The sample invoices are for demonstrational purposes only. In order to train a good model for invoice parsing, we recommend that you use a real dataset with invoices extracted from e.g. a database or an ERP system.

Prerequisites​

To follow this guide, you will need a Cradl account. If you don't have one, you can sign up for a free account here.

1. Configure your model​

Log in to Cradl and do the following:

  1. Go to Models > New model.
  2. Give your model a name and optionally a description.
  3. Add three fields invoice_id, total_amount and due_date to your model. Make sure that the type of the fields are String, Amount and Date respectively.
  4. Click Create Model when you are done.

2. Prepare training data​

Now that you have a model, the next step is to prepare training data. Download the sample invoices and unzip them to a local folder. Notice that the files are structured in pairs such as invoice1.pdf and invoice1.json. The JSON-file is called a ground truth, and each invoice in your dataset must have a corresponding ground truth-file.

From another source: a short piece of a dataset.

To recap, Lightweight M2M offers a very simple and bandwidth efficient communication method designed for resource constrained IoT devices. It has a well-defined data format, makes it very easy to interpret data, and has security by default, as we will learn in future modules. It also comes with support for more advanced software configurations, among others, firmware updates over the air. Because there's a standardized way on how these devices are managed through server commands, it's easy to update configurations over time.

Here is an example of how an invoice and corresponding ground truth file may look like:

[
{
"label": "invoice_id",
"value": "US-001"
},
{
"label": "total_amount",
"value": "154.06"
},
{
"label": "due_date",
"value": "2019-02-26"
}
]
caution

Make sure that the labels in your ground truth files matches exactly the names of the fields you defined in your model.

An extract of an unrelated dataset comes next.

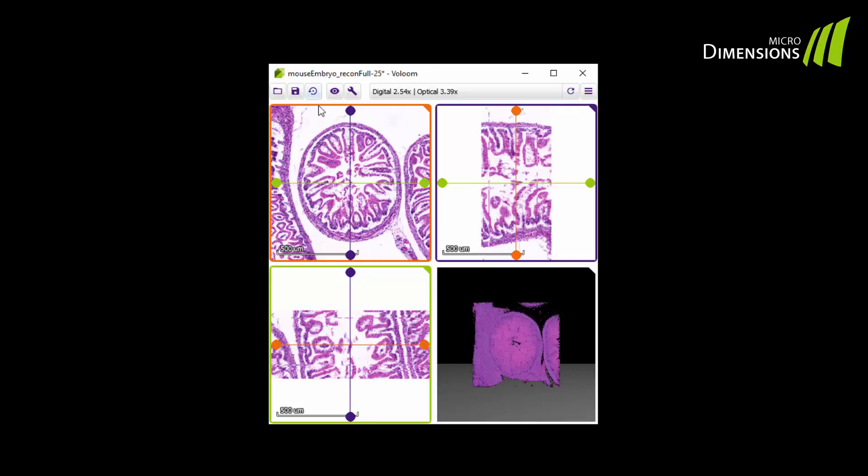In the second view, in the upper right corner, you can see the stack of your sections as if they had been cut along the purple axis you see here.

In the example above, notice that the due date is written as an ISO formatted date "2019-02-26" even though on the document it is written as "26/02/2019". Similarly, an Amount-field would be written as "1500.36" in the ground truth even if it says e.g. "$1,500.36" on the document.

Using historical data

Ground truths only consist of labels and values and do not require positional information like bounding boxes. Therefore they can often be generated automatically by extracting invoices from e.g. a database or an ERP system. This enables you to train on thousands or even millions of documents without having to go through a manual labelling process.

3. Start training​

Now we are ready to train our model.

  1. Go to Models > Your model > Training jobs > New training.
  2. Choose Create new dataset. Give your dataset a descriptive name.
  3. Upload the dataset you prepared in the previous step. Remember to include both ground truths (JSON) and PDFs.
  4. Generate a data report. The data report enables you to inspect your training data to ensure that everything is correct.
  5. Leave the default settings and press Start model training to send a training request.

Congratulations, you have now started your first training! Once the training is complete, you can start using your model in production.

4. Make predictions​

Once you have a trained model, your are ready to start making predictions.